If you export tables to CSV, you can import with REST POST /api/v1/records/import/csv or SDK records.createMany, then run the same relationships.createMany call as above by joining the columns you preserved (e.g., pgId and userPgId).


4) Supabase → RushDB

Supabase uses PostgreSQL under the hood, so the mapping mirrors the PostgreSQL example. If you prefer the Supabase client:

from supabase import create_client
from rushdb import RushDB
import os

db = RushDB(os.environ["RUSHDB_API_KEY"])
supabase = create_client(os.environ["SUPABASE_URL"], os.environ["SUPABASE_SERVICE_ROLE_KEY"])

# 1) Extract
users = supabase.table("users").select("id,name,email,tenant_id").eq("tenant_id", "ACME").execute().data
orders = supabase.table("orders").select("id,user_id,total,tenant_id").eq("tenant_id", "ACME").execute().data

# 2) Normalize
users_payload = [{"pgId": str(r["id"]), "name": r["name"], "email": r["email"], "tenantId": r["tenant_id"]} for r in users]
orders_payload = [{"pgId": str(r["id"]), "userPgId": str(r["user_id"]), "total": r["total"], "tenantId": r["tenant_id"]} for r in orders]

# 3) Import and link
db.records.create_many(label="USER", data=users_payload)
db.records.create_many(label="ORDER", data=orders_payload)
db.relationships.create_many(
source={"label": "USER", "key": "pgId", "where": {"tenantId": "ACME"}},
target={"label": "ORDER", "key": "userPgId", "where": {"tenantId": "ACME"}},
type="ORDERED",
direction="out",
)

5) Firebase (Firestore) → RushDB

Map Firestore document IDs to a stable key. Example with collections users and orders (each order has userId that equals a user doc id):

import firebase_admin
from firebase_admin import credentials, firestore
from rushdb import RushDB
import os

db = RushDB(os.environ["RUSHDB_API_KEY"])
firebase_admin.initialize_app(credentials.ApplicationDefault(), {"projectId": os.environ["GCLOUD_PROJECT"]})
fs = firestore.client()

# 1) Fetch
users_snap = fs.collection("users").where("tenantId", "==", "ACME").get()
orders_snap = fs.collection("orders").where("tenantId", "==", "ACME").get()

# 2) Normalize
users = [{"firebaseId": d.id, "tenantId": d.get("tenantId"), "name": d.get("name"), "email": d.get("email")} for d in users_snap]
orders = [{"firebaseId": d.id, "tenantId": d.get("tenantId"), "total": d.get("total"), "userFirebaseId": str(d.get("userId"))} for d in orders_snap]

# 3) Import and link
db.records.create_many(label="USER", data=users)
db.records.create_many(label="ORDER", data=orders)
db.relationships.create_many(
source={"label": "USER", "key": "firebaseId", "where": {"tenantId": "ACME"}},
target={"label": "ORDER", "key": "userFirebaseId", "where": {"tenantId": "ACME"}},
type="ORDERED",
direction="out",
)

Notes

  • For multi-tenant Firestore, include a tenantId field and filter where accordingly.
  • If orders reference users via DocumentReference objects, resolve to ref.id when building the payload.

6) Airtable → RushDB

Use Airtable record IDs for joins. Example: link Contacts to Companies where a Contact has a single companyId field storing the linked record ID.

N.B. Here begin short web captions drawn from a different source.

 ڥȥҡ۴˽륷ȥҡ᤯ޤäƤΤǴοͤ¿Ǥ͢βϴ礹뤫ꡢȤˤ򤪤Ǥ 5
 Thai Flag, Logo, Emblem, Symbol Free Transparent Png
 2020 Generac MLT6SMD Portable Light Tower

from pyairtable import Api
from rushdb import RushDB
import os

db = RushDB(os.environ["RUSHDB_API_KEY"])
api = Api(os.environ["AIRTABLE_TOKEN"])
base = api.base(os.environ["AIRTABLE_BASE_ID"])

# 1) Fetch
companies = base.table("Companies").all()
contacts = base.table("Contacts").all()

# 2) Normalize
companies_payload = [
{"airtableId": r["id"], "tenantId": "ACME", "name": r["fields"].get("Name"), "domain": r["fields"].get("Domain")}
for r in companies
]
contacts_payload = [
{
"airtableId": r["id"], "tenantId": "ACME",
"name": r["fields"].get("Name"), "email": r["fields"].get("Email"),
"companyAirtableId": r["fields"].get("Company", [None])[0]
}
for r in contacts
]

# 3) Import and link
db.records.create_many(label="AT_COMPANY", data=companies_payload)
db.records.create_many(label="AT_CONTACT", data=contacts_payload)

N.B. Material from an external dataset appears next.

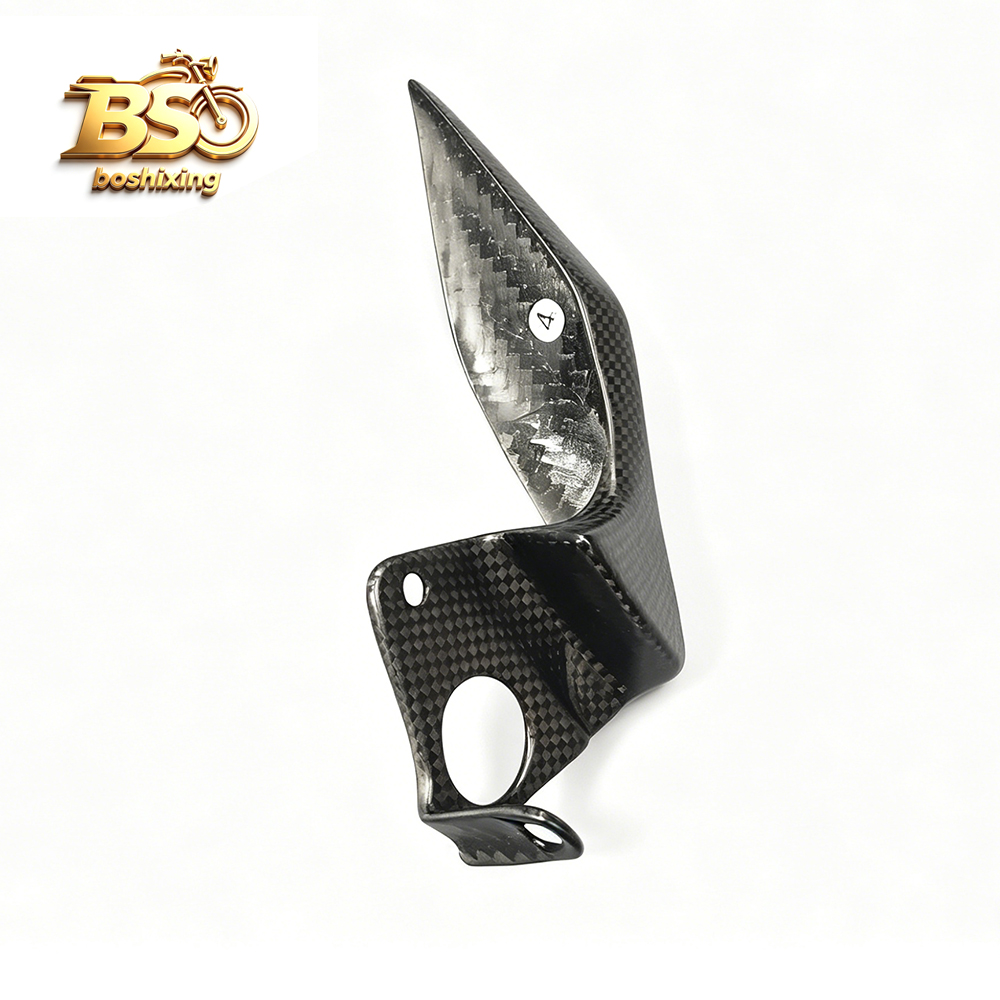 غطاء حماية سفلي للسلسلة لدراجة - مراجعة Chain Kit Motorcycle وسعره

db.relationships.create_many(
source={"label": "AT_CONTACT", "key": "companyAirtableId", "where": {"tenantId": "ACME"}},
target={"label": "AT_COMPANY", "key": "airtableId", "where": {"tenantId": "ACME"}},
type="WORKS_AT",
direction="out",
)

Notes

  • If a contact can link to multiple companies, iterate those IDs and use records.attach per contact, or pre-expand into multiple joinable rows.

7) Notion → RushDB

Use Notion page IDs for joins. Example: People and Tasks databases; each Task has a single-person relation stored in assignee.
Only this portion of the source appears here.